|
What program should I use for reading and writing the data? You must use BinaryStdIn.java and BinaryStdOut.java. These read and write sequences of bytes, whereas StdIn.java and StdOut.java read and write sequences of Unicode characters. These are in stdlib.jar.
My programs don't work properly with binary data. Why not? Be absolutely sure that you use only BinaryStdIn.java and BinaryStdOut.java for input and output. Also, be sure that you call BinaryStdOut.flush() or BinaryStdOut.close() after you are done writing—see Huffman.expand() for an example.
Why does BinaryStdIn return the 8-bits as a (16-bit unsigned) char instead of as (an unsigned 8-bit) byte? The primitive type byte is a bit annoying in Java. When you operate on a byte, it is typically promoted to an int. E.g., to convert a byte b to a char c, you must write c = (char) (b & 0xff) instead of c = (char) b. By using char, we avoid the hassle.
For the Burrows-Wheeler encoder, in which order do I sort the suffixes? The input is a sequence of extended ASCII characters (00 to FF), which you can read in with BinaryStdIn.readString(). You should sort the suffixes according to extended ASCII order, which is the natural order of the String data type.
For the Burrows-Wheeler decoder, does next[0] always equal first? And wouldn't this mean that the index first is redundant? No, this is just a coincidence with the input string "ABRACADABRA!". Consider any two input strings that are cyclic rotations of one another, e.g., "ABRACADABRA!" and "CADABRA!ABRA". They will have the same sorted suffixes and t[] array—their only difference will be in the index first.
How should I download the sample input files and reference solutions? Be careful to download them as binary files—some browsers will corrupt them if you view the file and use File -> Save.
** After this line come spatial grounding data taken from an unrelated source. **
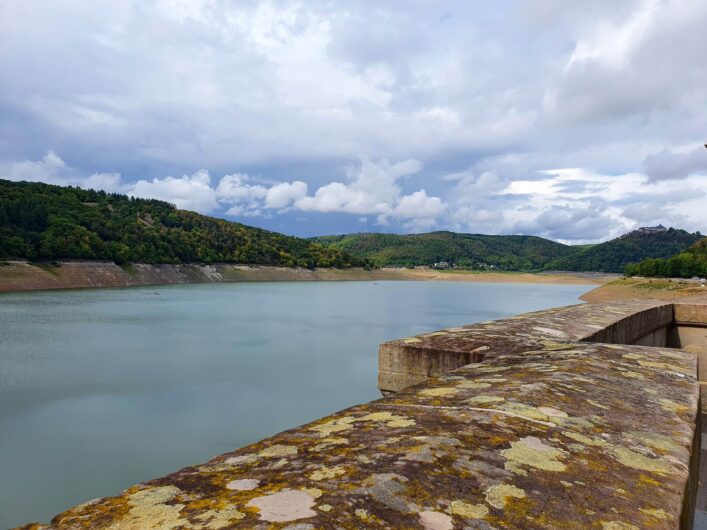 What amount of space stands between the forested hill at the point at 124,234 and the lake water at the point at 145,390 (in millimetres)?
37847

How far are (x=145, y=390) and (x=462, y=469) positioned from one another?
16478 millimetres

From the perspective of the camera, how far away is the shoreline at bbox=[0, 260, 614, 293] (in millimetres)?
59625

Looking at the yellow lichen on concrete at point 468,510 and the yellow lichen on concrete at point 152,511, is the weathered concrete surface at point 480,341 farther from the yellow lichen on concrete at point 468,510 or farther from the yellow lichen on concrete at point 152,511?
the yellow lichen on concrete at point 152,511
Do not edit them in a text editor—some editors will corrupt them by inserting bogus newline characters.
Can I assume that the decode() method in BurrowsWheeler receives only valid inputs (that were created by a call to the encode() method)? Yes.
How can I compare the contents of two files (to check that the decoded version equals the original)? On OS X and Linux, use the command diff file1 file2; on Windows, use the command fc file1 file2.
How can I view the contents of a binary file? Use HexDump.java, as in the assignment. The command-line argument specifies the number of bytes per line to print.
How do I determine the sizes of the original and compressed files? Use HexDump.java, as in the assignment. Use a command-line argument of 0 to suppress all output except for the number of bytes.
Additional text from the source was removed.